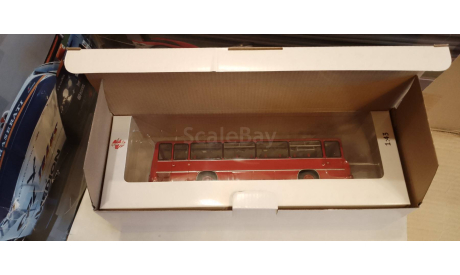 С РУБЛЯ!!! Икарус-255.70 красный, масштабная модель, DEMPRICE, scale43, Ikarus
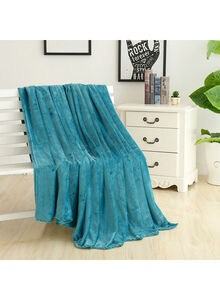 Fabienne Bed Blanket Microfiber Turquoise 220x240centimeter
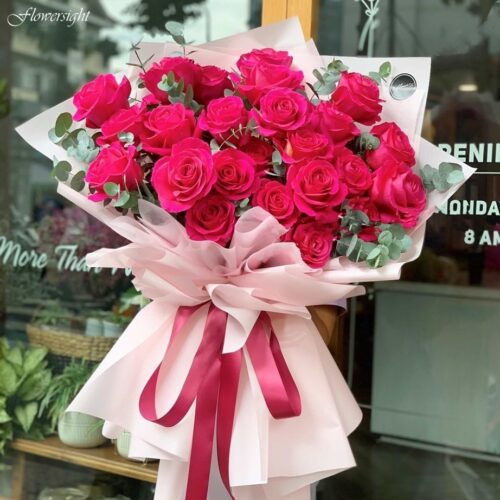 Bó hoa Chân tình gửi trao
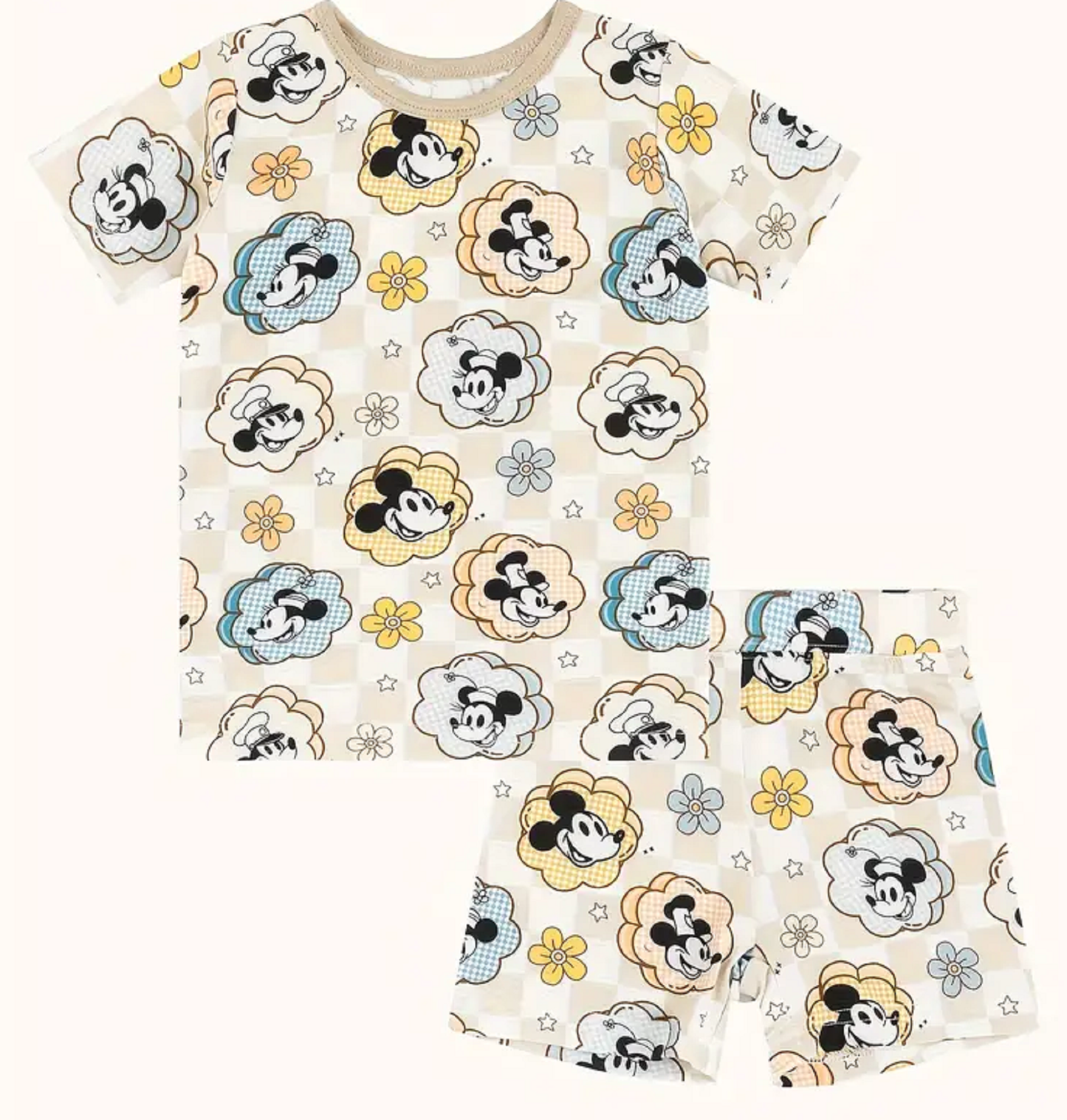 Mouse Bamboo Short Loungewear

Assigned task -> Without the pictures, reproduce each line from the one containing "Fabienne Bed Blanket" through the last line of the material above, both of those lines included.

Output for this task ->
 Fabienne Bed Blanket Microfiber Turquoise 220x240centimeter
 Bó hoa Chân tình gửi trao
 Mouse Bamboo Short Loungewear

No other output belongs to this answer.